» **ASSIGNMENT**: One range is to be output from the listing below, exactly as written: the line with "220 Horseshoe Rd, Berkeley" to the line with "13 Munsey Rd, Emerson Boro, NJ 07630", both kept.

» **DATA TO PROCESS**:
===

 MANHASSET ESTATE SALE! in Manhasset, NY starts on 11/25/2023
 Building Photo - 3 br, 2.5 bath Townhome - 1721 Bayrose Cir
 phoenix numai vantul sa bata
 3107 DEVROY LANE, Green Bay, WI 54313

===

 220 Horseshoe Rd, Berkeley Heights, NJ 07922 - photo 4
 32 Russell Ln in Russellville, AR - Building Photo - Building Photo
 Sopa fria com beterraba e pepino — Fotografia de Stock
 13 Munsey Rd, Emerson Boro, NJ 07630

===

» **EXPECTED ANSWER**:
 220 Horseshoe Rd, Berkeley Heights, NJ 07922 - photo 4
 32 Russell Ln in Russellville, AR - Building Photo - Building Photo
 Sopa fria com beterraba e pepino — Fotografia de Stock
 13 Munsey Rd, Emerson Boro, NJ 07630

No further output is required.